BACKGROUND
Although prior research has identified multiple risk factors for diabetic ketoacidosis (DKA), clinicians continue to lack clinic-ready models to predict dangerous and costly episodes of DKA. We asked whether we could apply deep learning, specifically the use of a long short-term memory (LSTM) model, to accurately predict the 180-day risk of DKA-related hospitalization for youth with type 1 diabetes (T1D).
OBJECTIVE
We aimed to describe the development of an LSTM model to predict the 180-day risk of DKA-related hospitalization for youth with T1D.
METHODS
We used 17 consecutive calendar quarters of clinical data (January 10, 2016, to March 18, 2020) for 1745 youths aged 8 to 18 years with T1D from a pediatric diabetes clinic network in the Midwestern United States. The input data included demographics, discrete clinical observations (laboratory results, vital signs, anthropometric measures, diagnosis, and procedure codes), medications, visit counts by type of encounter, number of historic DKA episodes, number of days since last DKA admission, patient-reported outcomes (answers to clinic intake questions), and data features derived from diabetes- and nondiabetes-related clinical notes via natural language processing. We trained the model using input data from quarters 1 to 7 (n=1377), validated it using input from quarters 3 to 9 in a partial out-of-sample (OOS-P; n=1505) cohort, and further validated it in a full out-of-sample (OOS-F; n=354) cohort with input from quarters 10 to 15.
RESULTS
DKA admissions occurred at a rate of 5% per 180-days in both out-of-sample cohorts. In the OOS-P and OOS-F cohorts, the median age was 13.7 (IQR 11.3-15.8) years and 13.1 (IQR 10.7-15.5) years; median glycated hemoglobin levels at enrollment were 8.6% (IQR 7.6%-9.8%) and 8.1% (IQR 6.9%-9.5%); recall was 33% (26/80) and 50% (9/18) for the top-ranked 5% of youth with T1D; and 14.15% (213/1505) and 12.7% (45/354) had prior DKA admissions (after the T1D diagnosis), respectively.
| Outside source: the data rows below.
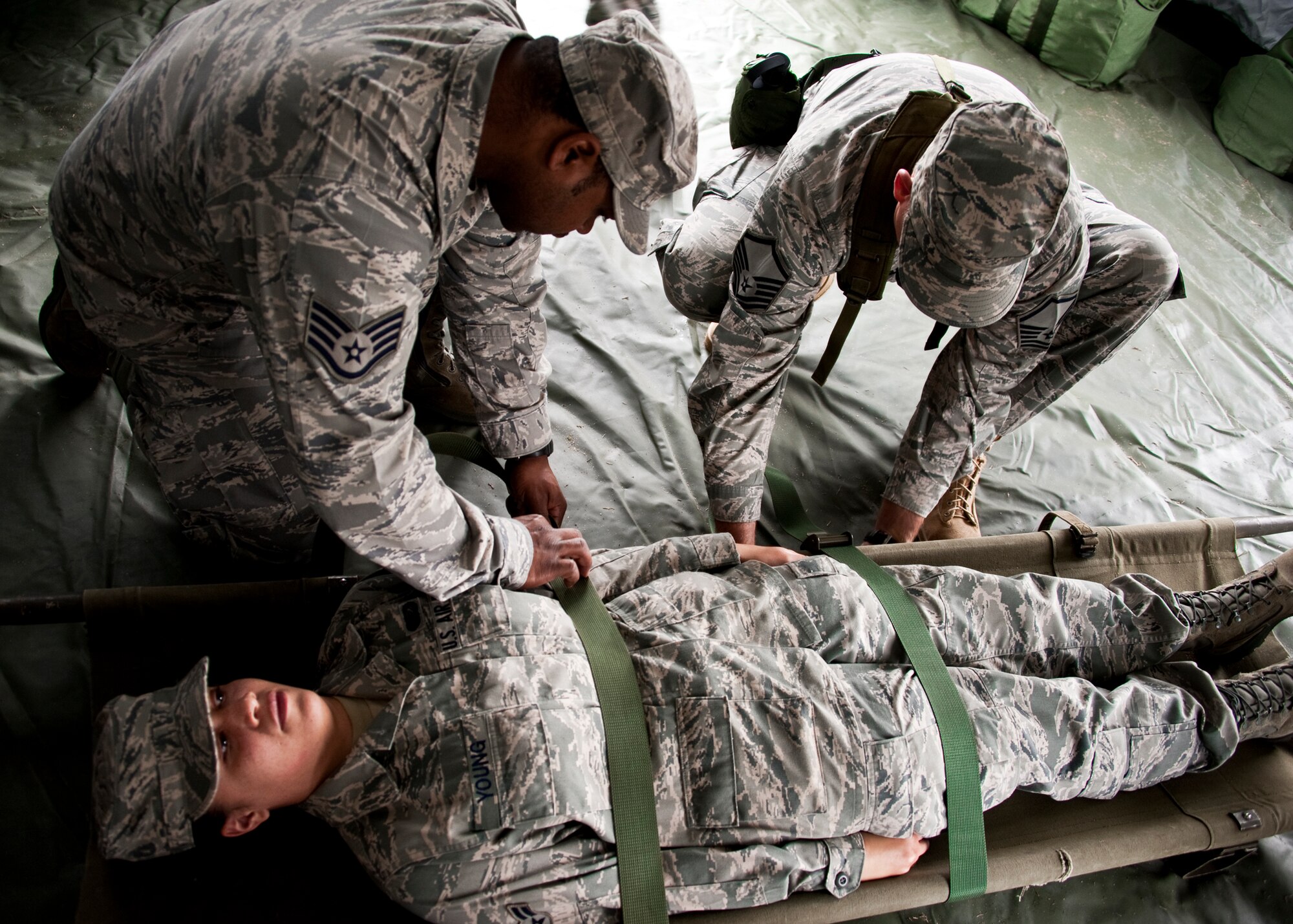 Airmen from the 96th Air Base Wing practice securing the patient during self-aid and buddy care training at the Phase II exercise Feb. 24 at Eglin Air Force Base, Fla.  Phase II included self-aid and buddy care, weapons, and chemical, biological, radiological, nuclear and explosive training.  Airmen learned the proper procedures for cleaning and loading their weapons and also how to wear and work in their chemical gear and gas masks.  Three chalks of Eglin Airmen participated in Phase I and II exercises as part of an Operational Readiness Exercise throughout the week of Feb. 22-25.  (U.S. Air Force photo/Samuel King Jr.)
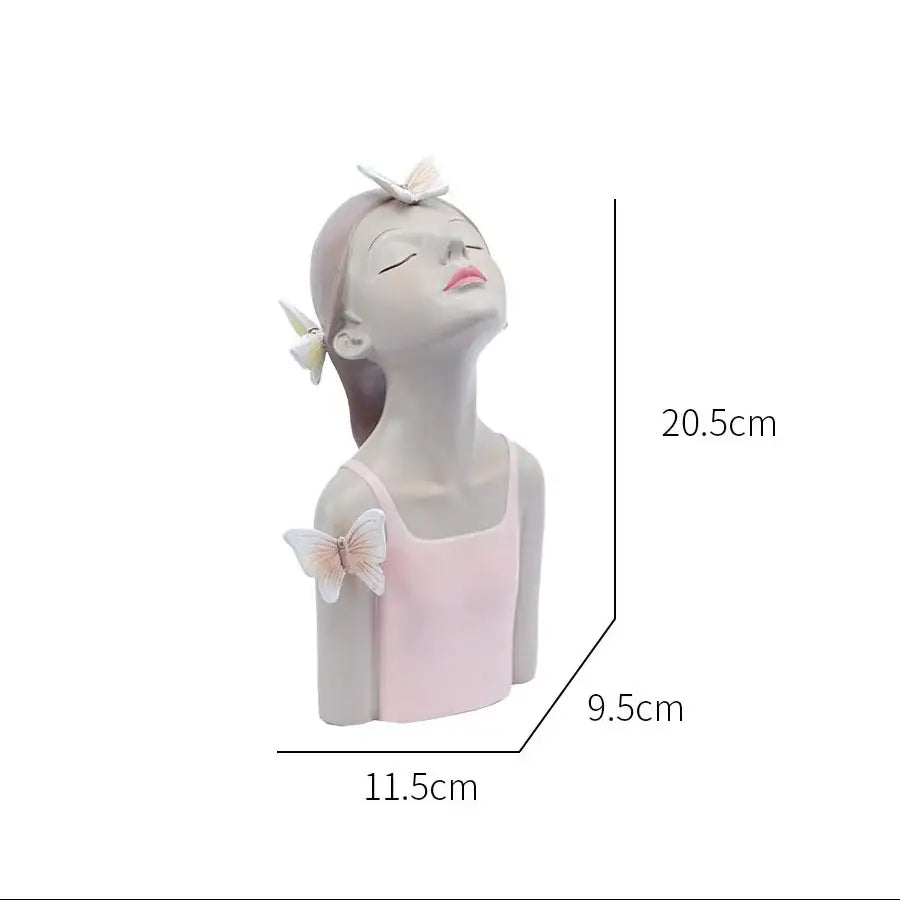 Delicate pink and white resin butterfly girl sculpture wearing blush tank top with three small butterflies for bedroom decor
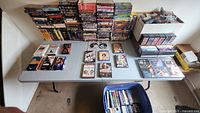 Overview of VHS tapes and DVDs digitally stacked on table and packed in boxes and bins.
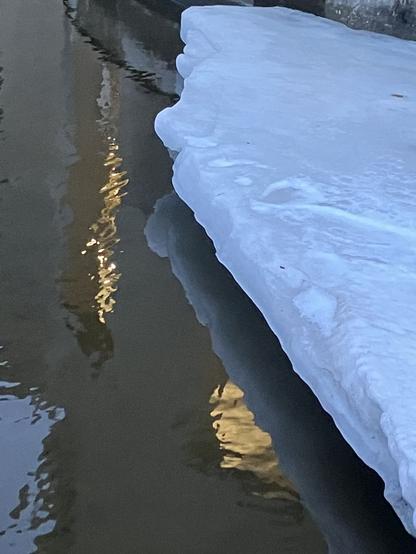 Water of the river flows under a previously floating shelf of ice that now hovers in the air, supported by the building it is against. Some lights reflect on the water surface.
For lists rank ordered by the probability of hospitalization, precision increased from 33% to 56% to 100% for positions 1 to 80, 1 to 25, and 1 to 10 in the OOS-P cohort and from 50% to 60% to 80% for positions 1 to 18, 1 to 10, and 1 to 5 in the OOS-F cohort, respectively.
CONCLUSIONS
The proposed LSTM model for predicting 180-day DKA-related hospitalization was valid in this sample. Future research should evaluate model validity in multiple populations and settings to account for health inequities that may be present in different segments of the population (eg, racially or socioeconomically diverse cohorts). Rank ordering youth by probability of DKA-related hospitalization will allow clinics to identify the most at-risk youth. The clinical implication of this is that clinics may then create and evaluate novel preventive interventions based on available resources.